Looking at it again, now I'm not so sure about fill as the new keyword argument. Brainstorming some other names:

fillinit
initialize
initfirst
needinit

Alternatively, it also makes sense to rename init of reduce etc. to identity, id, neutral, or something. We need something similar to init for foldl/foldr/accumulate, though.

(cc'ing other people who might be interested in this: @nalimilan @mbauman @JeffBezanson)

mcabbott · 2020-06-14T22:07:44Z

How about sum!(r, A; keep = false) or sum!(r, A; discard = true)?

tkf · 2020-06-14T22:15:51Z

I think discard is a good candidate! I guess keep is kind of a same idea but keeping some value happens only if the corresponding region of the input array is zero (or NaN/missing is in the destination). I think discard is better because discarding old values happen always.

timholy · 2020-06-14T23:41:34Z

I also like discard, great suggestion @mcabbott and thanks @tkf for spearheading this and so many other advances!

StefanKarpinski · 2020-06-15T19:24:16Z

Doesn't the keyword argument to sum! control whether the array gets filled first or not? This keyword isn't documented anywhere that I can see and even figuring out what it does requires perusing some fairly confusing code in reducedim.jl. Perhaps I'm missing something but I don't get how keep or discard are more appropriate than fill.

tkf · 2020-06-15T19:58:41Z

Right, init for sum! is not mentioned. So very strictly speaking it's not a public API. But I don't know how it's used in the wild.

In Julia 1.5, we'll have count! which mentions init:

julia/base/reducedim.jl

Lines 393 to 400 in 13b07fc

    
               count!([f=identity,] r, A; init=true) 
        
           Count the number of elements in `A` for which `f` returns `true` over the 
        
           singleton dimensions of `r`, writing the result into `r` in-place. 
        
           If `init` is `true`, values in `r` are initialized to zero. 
        
           !!! compat "Julia 1.5" 
        
               inplace `count!` was added in Julia 1.5.

I don't get how keep or discard are more appropriate than fill.

Well, I'm OK with fill, too. I thought discard was better because fill could mean filling something else (e.g., filling missing/NaN; although I think the chance for such misunderstanding is very low). OK, maybe it can be said for discard ("discarding" missings). Naming is damn hard....

I actually think initialize is slightly better than discard. I think it also avoid confusion with filling missing/NaN.

timholy · 2020-06-15T20:29:20Z

Another option is reset

mbauman · 2020-06-15T21:38:37Z

I've never used a bang reduction with init, and — even knowing that this was a boolean flag based on the first post — my first instinct was that this flag would work oppositely as it does (that is, if true, use the existing values in the output array as the reducer's init kwarg). So that's another motivation to change this.

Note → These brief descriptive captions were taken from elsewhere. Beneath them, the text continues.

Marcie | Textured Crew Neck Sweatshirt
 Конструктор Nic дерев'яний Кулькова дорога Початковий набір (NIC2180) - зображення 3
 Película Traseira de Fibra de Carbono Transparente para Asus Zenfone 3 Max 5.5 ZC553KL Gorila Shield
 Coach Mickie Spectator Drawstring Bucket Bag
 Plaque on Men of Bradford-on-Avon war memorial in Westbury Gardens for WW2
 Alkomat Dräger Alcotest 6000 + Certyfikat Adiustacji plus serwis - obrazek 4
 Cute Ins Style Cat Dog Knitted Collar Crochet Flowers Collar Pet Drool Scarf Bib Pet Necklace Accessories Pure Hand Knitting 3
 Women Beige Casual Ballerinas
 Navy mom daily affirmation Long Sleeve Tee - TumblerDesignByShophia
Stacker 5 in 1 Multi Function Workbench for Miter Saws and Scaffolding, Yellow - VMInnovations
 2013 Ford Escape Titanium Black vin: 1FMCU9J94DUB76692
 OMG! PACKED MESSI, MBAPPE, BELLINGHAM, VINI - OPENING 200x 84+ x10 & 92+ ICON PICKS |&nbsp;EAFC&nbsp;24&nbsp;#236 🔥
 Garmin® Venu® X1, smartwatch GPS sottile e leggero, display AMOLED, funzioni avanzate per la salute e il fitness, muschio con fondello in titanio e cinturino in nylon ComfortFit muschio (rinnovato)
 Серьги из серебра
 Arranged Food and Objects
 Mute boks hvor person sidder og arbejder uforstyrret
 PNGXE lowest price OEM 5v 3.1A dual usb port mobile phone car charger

In some senses, I think a pretty good API would be one in which we defaulted to using the values in the output array and if an init kwarg is provided we fill!(output, init) before performing the reduction. Unfortunately that's definitely and hugely breaking.

Alternatively, we could use a sentinel like nothing or undef to opt out of initialization and allow init'ing arbitrary values. Again, though, that's changing the meaning of init in the wild. It's not used much though — that's a fairly conservative search and really only flags GPUArrays (but it misses multi-line arg lists).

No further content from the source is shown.